Discussion thread: here [Change the link from the KIP proposal email archive to your own email thread]
JIRA: here [Change the link from KAFKA-1 to your own ticket]
Please keep the discussion on the mailing list rather than commenting on the wiki (wiki discussions get unwieldy fast).
Motivation
For managing Kafka-as-a-service, it will be useful to have some more metrics to support health checks so that any issues can be identified early.
Public Interfaces
Broker-side metrics
Error rates
There are currently no metrics to report error rates in the broker. It will be useful to monitor errors returned to clients for each request type, so that alerts can be generated if requests fail consistently. Each error code for each request type will be measured separately to provide flexibility in terms of how errors are processed by downstream tools.
This metric will be a meter in the same group as existing request metrics RequestsPerSec
etc.
MBean: kafka.network:type=RequestMetrics,name=ErrorsPerSec,request=api_key_name,error=error_code_name
Fetch down conversion rate
Down conversions are expensive since the whole response has to be read into memory for conversion. It will be useful to monitor the rate of down conversion.
This will be a meter in the same group as existing topic metrics TotalFetchRequestsPerSec
etc.
MBean: kafka.server:type=BrokerTopicMetrics,name=FetchDownConversionsPerSec,topic=([-.\w]+)
ZooKeeper latency
It will be good to monitor latency of ZooKeeper requests so that any issues with ZooKeeper communication can be detected early.

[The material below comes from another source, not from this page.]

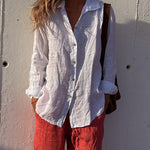 Problem Solved Linen Blend Button Up Casual Blouse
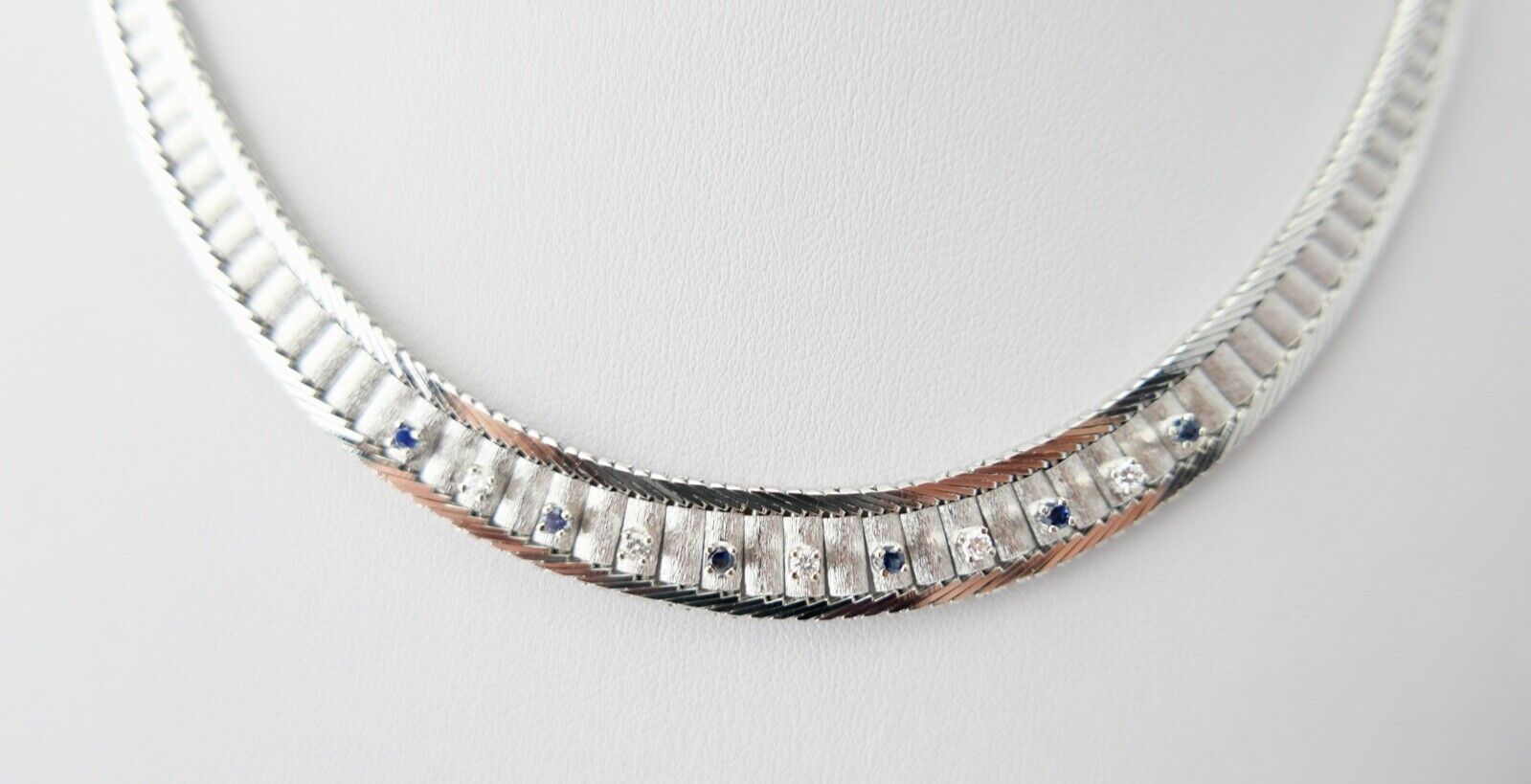 Massives Weißgold Brillant & Saphir Collier 585 14K Klassiker 1970er Jahre 45 cm - Antikhandel-Stuttgart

This will be a histogram in the same group as existing ZooKeeper session metrics ZooKeeperSyncConnectsPerSec
etc.
MBean: kafka.server:type=SessionExpireListener,name=ZooKeeperLatency
Client-side metrics
Client versions
We currently have a MBean for client version that gives commit id and version, but this is not exposed as a metric. In order to optimize upgrades and debug issues, it will be useful to have a gauge for client versions to monitor the versions used by clients.
This will be a Gauge.
MBean: [kafka.admin.client|kafka.consumer|kafka.producer]:type=client-version,commit_id="CommitId",version="Version"
Proposed Changes
New yammer metrics will be added on the broker-side and Kafka metrics on the client-side.
Compatibility, Deprecation, and Migration Plan
- What impact (if any) will there be on existing users?
These are new metrics and there will be no impact on existing users.